僕がまだ 「学生さん」 をやっていた頃、よく深夜のラジオ放送を聴いておったワケですが、その当時世良公則氏がDJをつとめる番組の中で流れた曲が彼らとの最初の出会いでありました。
BLUESに徐々に傾倒しつつあった当時 「学生さん」 であった僕は、BLUESフィーリングの感じられる曲であれば、耳にするなりそのアーティスト名を紙に書きとめ、翌日にはCDショップに走る・・・という、「学生さん」 ならではの贅沢な金と時間の使い方をしておりました次第です。
で、その時もやはり例にもれずCDを買ったのがこの 「ドクター・フィールグッド」。
英国のバンドでありながらアメリカ南部の匂いを存分に漂わせ、しかも全編から醸し出されるパンキッシュな雰囲気。 僕はすっかりそのサウンドの虜になり、彼らのCDを買いあさりました(まあ買い「あさる」ほど枚数出てないねんけどね・・・)。
フィールグッド好きなかたには、比較的 「ウィルコ・ジョンソン派」 が多いかと思いますが、僕はもちろんウィルコも良いですが、断然 「リー・ブリロー派」 です。
彼の野太くややハスキーなダミ声。時折演奏してみせるブルース・ハープも心を揺さぶります。
惜しむべくはリー・ブリローの死を知らなかったこと。
彼が亡くなったのは94年。
ちょうどその頃は僕が 「音楽的休眠期間」 の真っ只中。 全ての音楽的情報から遠ざかっていた時期でありました。音楽的鎖国状態にあったのです。

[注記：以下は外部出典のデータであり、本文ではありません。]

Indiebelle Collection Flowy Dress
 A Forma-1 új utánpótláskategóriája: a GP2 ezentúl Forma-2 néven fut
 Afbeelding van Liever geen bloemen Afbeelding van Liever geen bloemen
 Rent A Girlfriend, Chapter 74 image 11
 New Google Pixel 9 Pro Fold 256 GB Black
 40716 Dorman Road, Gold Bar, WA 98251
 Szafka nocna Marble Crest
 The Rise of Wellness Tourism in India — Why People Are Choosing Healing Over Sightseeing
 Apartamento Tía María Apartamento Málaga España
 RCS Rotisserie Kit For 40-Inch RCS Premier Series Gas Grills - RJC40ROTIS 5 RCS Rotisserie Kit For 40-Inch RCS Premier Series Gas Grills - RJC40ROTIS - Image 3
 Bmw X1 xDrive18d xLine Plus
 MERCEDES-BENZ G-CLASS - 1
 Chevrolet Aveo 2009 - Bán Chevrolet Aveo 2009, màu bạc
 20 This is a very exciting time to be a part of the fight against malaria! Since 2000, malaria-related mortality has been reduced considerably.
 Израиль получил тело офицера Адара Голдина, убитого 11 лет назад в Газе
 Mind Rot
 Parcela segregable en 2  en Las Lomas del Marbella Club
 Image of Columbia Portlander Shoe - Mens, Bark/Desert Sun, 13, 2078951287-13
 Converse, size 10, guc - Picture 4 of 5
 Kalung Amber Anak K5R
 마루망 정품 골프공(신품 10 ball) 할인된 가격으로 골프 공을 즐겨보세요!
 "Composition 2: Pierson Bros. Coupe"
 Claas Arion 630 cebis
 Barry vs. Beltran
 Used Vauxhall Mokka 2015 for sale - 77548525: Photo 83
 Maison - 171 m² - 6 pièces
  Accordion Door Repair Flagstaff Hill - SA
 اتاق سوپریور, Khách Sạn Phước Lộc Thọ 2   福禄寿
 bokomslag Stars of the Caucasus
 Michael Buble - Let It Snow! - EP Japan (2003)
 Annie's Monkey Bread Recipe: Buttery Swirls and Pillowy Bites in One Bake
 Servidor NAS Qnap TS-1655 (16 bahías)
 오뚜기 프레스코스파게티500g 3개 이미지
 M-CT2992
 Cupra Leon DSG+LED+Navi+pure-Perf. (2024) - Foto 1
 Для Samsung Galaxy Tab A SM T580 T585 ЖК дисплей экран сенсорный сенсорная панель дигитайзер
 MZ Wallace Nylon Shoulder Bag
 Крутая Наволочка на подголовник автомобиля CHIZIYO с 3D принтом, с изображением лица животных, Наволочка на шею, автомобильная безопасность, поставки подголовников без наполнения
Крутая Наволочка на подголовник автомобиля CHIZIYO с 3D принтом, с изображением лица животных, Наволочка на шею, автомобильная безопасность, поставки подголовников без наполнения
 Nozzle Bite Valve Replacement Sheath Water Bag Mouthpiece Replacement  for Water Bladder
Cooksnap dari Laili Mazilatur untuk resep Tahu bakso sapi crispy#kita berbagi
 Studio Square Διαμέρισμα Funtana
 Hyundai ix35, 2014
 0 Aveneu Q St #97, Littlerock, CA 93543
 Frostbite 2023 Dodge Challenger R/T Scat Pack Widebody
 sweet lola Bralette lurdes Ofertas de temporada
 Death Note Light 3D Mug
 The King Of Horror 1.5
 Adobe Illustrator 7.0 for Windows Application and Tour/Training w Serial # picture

95年の終わりに何かの雑誌の記事でたまたま読んだフィールグッドの話題。 「フィールグッドの新録ニューアルバム発売」 「ニューアルバムは渾身のライヴ盤」 「ブリローの遺作」 ・・・・・遺作!?
彼はこのライヴの約2ヵ月後、亡くなっていたのでした。
いてもたってもおれず、僕はすぐさまこのニュー・アルバムを買いました。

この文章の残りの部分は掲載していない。